What is it?

The Topeka shiner (Notropis topeka) is a small minnow, less than three inches in total length. It is an overall silvery color, with a well defined dark stripe along its side, and a dark wedge-shaped spot at the base of the tail fin. Males develop additional reddish coloration in all other fins during the breeding season.

What is its habitat?

The Topeka shiner occurs primarily in small prairie (or former prairie) streams in pools containing clear, clean water. Most Topeka shiner streams are perennial (flow year-round), but some are small enough to stop flowing during dry summer months. In these circumstances, water levels must be maintained by groundwater seepage for the fish to survive. Topeka shiner streams generally have clean gravel, rock, or sand bottoms.

Where does it occur?

The historical distribution of the Topeka shiner included portions of Iowa, Kansas, Minnesota, Missouri, Nebraska, and South Dakota (see attached map). The species is now primarily restricted to a few scattered tributaries to the Missouri and Mississippi rivers, and the Flint Hills region of Kansas. Many populations have become very reduced in numbers, and are now geographically isolated from the next nearest population, eliminating the possibility for genetic transfer between populations.

Why is it declining?

The Topeka shiner is susceptible to water quality changes within its habitat, and has disappeared from several sites because of increased sedimentation resulting from accelerated soil runoff. Any activity which removes the natural protective vegetation covering within a stream's watershed may contribute to this factor, including agricultural cropping, urban development, and highway construction. Additionally, construction of stock watering ponds and watershed impoundments on streams containing Topeka shiners has been shown to eliminate this species from those stream reaches. This is a widespread practice in some areas of Topeka shiner occurrence.

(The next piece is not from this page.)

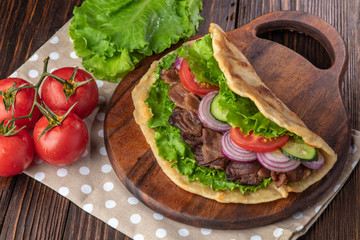 Delicious fresh homemade sandwich with chicken burspit roasted meat, tomato, onions and lettuce on wooden board on dark wooden table. Doner kebab. Healthy food concept.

Why is the Topeka shiner important?

The Topeka shiner is adapted to prairie streams with high water quality, often in association with spring and seep flows. Due to its characteristic dependence on high quality aquatic habitats, this species serves as an indicator of the general health of the aquatic ecosystems within which it occurs, which of course carries implications for the quality of water available for human consumption and use. Additionally, Topeka shiner streams are often associated with high quality recreational experiences, including fishing and swimming; are some of the most aesthetically appealing streams remaining in the Midwest; and they provide habitat for many other aquatic species.

How would a listing affect private citizens?

If the Topeka shiner becomes listed under the Endangered Species Act (Act), the listing would result in little, if any, impact to private citizens. Any action which is funded, authorized, or otherwise permitted by any Federal agency would be subject to review and consultation by the U.S. Fish and Wildlife Service under section 7 of the Act, if that action may affect the Topeka shiner. Private actions by individual citizens on their own property would not be subject to this review and consultation unless they involve the above-mentioned Federal funding, permitting, or authorization. However, private actions that result in documented take (which includes to harass, harm, wound, kill, or collect) of Topeka shiners would remain prohibited.